Flamenco en La Carpio
La bailaora costarricense Natalia Rodríguez se sumó a los esfuerzos de voluntariado en el asentamiento de La Carpio, la mayor concentración migratoria de Centroamérica
“Me decía que iba a misa, madre, y me engañaba / Me decía que iba a misa, madre, y me engañabaaaaa”, canturrea la profesora de flamenco frente a sus alumnas en un edificio de madera en mitad de la ciudadela de origen migratorio más grande de Centroamérica. Da palmas para ayudarles a llevar los compases y hacer sonar fuertemente los tacones en el tercer piso; unas calzan zapatos donados y otra niña, la nueva, practica con zapatillas deportivas. Nunca en su vida ha visto a nadie bailar flamenco, no lo identificaría con España, nunca ha escuchado al cantante Chiquitete y mucho menos la letra de A la puerta de Toledo. Un niño mira curioso y cree que eso era tango.
Es un ejercicio de ruptura social, o parte de él. La profesora se llama Natalia Rodríguez, una bailaora costarricense que se sumó a los esfuerzos de voluntariado en el asentamiento de La Carpio, hogar de 25.000 personas (la mitad de ellas nicaragüenses) a solo nueve kilómetros del centro de San José, la mayor concentración migratoria de Centroamérica.
Al lado hay karate, dibujo, violines y las flautas de los niños que sueñan con entrar algún día en la Orquesta Sinfónica de La Carpio. Porque sí, lograron armar una orquesta sinfónica de 25 miembros salidos de estos callejones miserables de hogares hacinados y marginados en parte por su pobreza y su origen inmigratorio nicaragüense.
Ese sábado de agosto, como todos, el lugar bulle entre gritos infantiles, los acordes empecinados de los violines y los taconeos de las alumnas de Natalia. Desde una ventana se ve un guardia armado que cuida un camión con mercancías; a fin de cuentas esto sigue siendo La Carpio. En los otros costados, techos herrumbrados, casas rotas, antenas de una empresa de telecomunicaciones y, por ahí, el lote donde el Gobierno construirá, al fin, un colegio de secundaria para esta población.
De momento, los jóvenes van a clases en recintos de un centro comercial cercano fuera del asentamiento y otros asisten a las clases de educación pública abierta en este edificio de la fundación Sifais (Sistema Integral de Formación Artística para la Inclusión Social), que reúne a 200 voluntarios y casi 1.000 alumnos de sus talleres. En su edificio, en este mes, se gradúan de secundaria los primeros 12 jóvenes en la historia de La Carpio, los primeros en el cuarto de siglo que ha transcurrido desde que familias pobres invadieron estos 23 kilómetros cuadrados del Estado expropiados a una familia de alemanes en la II Guerra Mundial.

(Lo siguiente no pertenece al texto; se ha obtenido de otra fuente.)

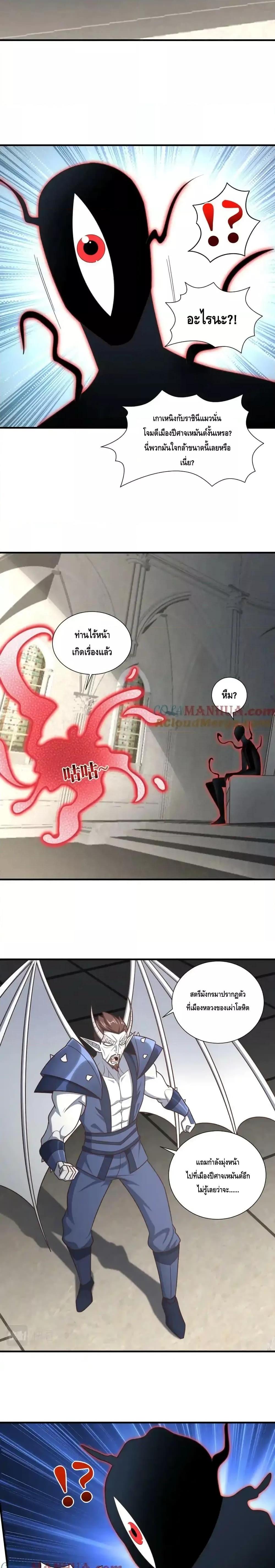 Manga-lc-com อ่านมังงะ อ่านการ์ตูน ออนไลน์ ฟรี HighEnergyStr ตอนที่ 1 2 3 4 5 6 7 8 9 10 11 12 13 14 ฟรี ไม่มีโฆษณา Manga-lc - อ่าน มังงะ อ่าน การ์ตูน ออนไลน์ อ่านมังงะ ฟรี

Las cosas van cambiando. Sigue habiendo algún asesinato y narcotráfico en pequeña escala, violencia doméstica y carencias por montones, pero los policías y particulares ya se atreven a entrar en este sector y eso no es poco. “Yo antes no bajaba por aquí”, cuenta la fundadora de Sifais, Maris Stella Fernández, sentada frente a un trillo en medio de chabolas a medio destruir junto a las inmundicias del riachuelo Torres. Sabe cómo van los talleres y está al tanto de cómo funciona el de flamenco. Sabe que, para crear sentido de responsabilidad, en la primera clase las chicas practican con los zapatos que traigan. En la segunda y hasta la sexta les prestan los zapatos especiales para que hagan tacón-punta, tacón-punta, y después se los pueden llevar a casa para que practiquen y se diviertan. “Los zapatos les atraen mucho. Para la mujer andar con tacones es sentirse elegante, bonita, y eso tiene mucho sentido en este lugar”, explica Natalia, hablando de lo mismo que Fernández: autoestima.
“Una se siente elegante, con pasión”, explica Belisa Charpentier, de 19 años, una de las más avanzadas de la clase. Con sus compañeras y con Natalia comparte por WhatsApp vídeos de bailaores españoles, canciones de Chiquitete, los básicos de las sevillanas… cosas de su nuevo mundo.